ARTIGO -O novo (a) normal. Por Marli Gonçalves

Ora, não me venham falar nesse tal de novo normal, que as pessoas vão mudar, que aprenderam, que daqui pra frente tudo vai ser diferente, que isso só é letra de música. A realidade é que a natureza humana gosta de viver seus conflitos e que a luta pela sobrevivência ainda é um pisando no pescoço do outro

O que é "normal"?: duração e variação do ciclo menstrual

O estouro da boiada. Como não vivo no campo, aprendi essa semana, vendo como as pessoas estão se comportando logo aos primeiros sinais de relaxamento do isolamento social, e compreendi a expressão – foi o que me pareceu um estouro da boiada. Vendo as filas horrorosas, os apertos e ajuntamentos, as burlas das leis ordenadas, mas sem fiscalização em um país onde faz tempo se aprende a viver ilegalmente. Parece que ficaram os quase 90 dias em casa esperando o sinal tocar, como esperávamos o sinal do recreio na escola, e que passaram esses dias anotando o que comprariam com o pouco que ainda lhes restou, se é que ainda restou. Ou se apenas o que aconteceu é que ficou mais escancarada a possibilidade do fim do mundo, ou da instantaneidade da vida. Partiram para o tudo ou nada.

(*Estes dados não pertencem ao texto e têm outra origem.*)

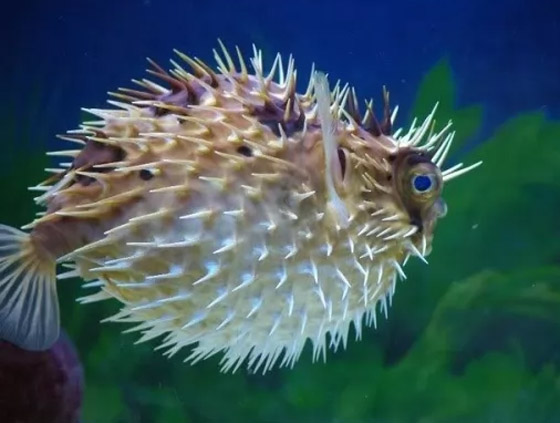 لن تصدقوا.. تعرفوا إلى أكثر 10 حيوانات سامة في العالم! صور صورة رقم 1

Nos noticiários vi gente impaciente esmurrando a porta da loja que se atrasou para abrir. Vi também alguns comerciantes reclamando do horário limitado e do número baixo de clientes, como se isso já não fosse de certa forma normal até bem antes da pandemia. Gente atabalhoada tentando tirar o atraso, e esse atraso correndo deles.

Diferente das filas criadas pelo confuso e desatinado governo para dar o auxílio emergencial e quando muitos correram para portas de bancos para tentar garantir aquele trocadinho, o que até valeria algum risco, desta vez se aglomeraram para comprar nas ruas e shoppings populares, bater pernas atrás de presentes para datas que já não marcam é mais nada. Houve também muitos que vieram com sacolinhas e sacolões para comprar o que venderiam em outras filas e aglomerações, em outros locais, nos paraguaizinhos de todo o território nacional.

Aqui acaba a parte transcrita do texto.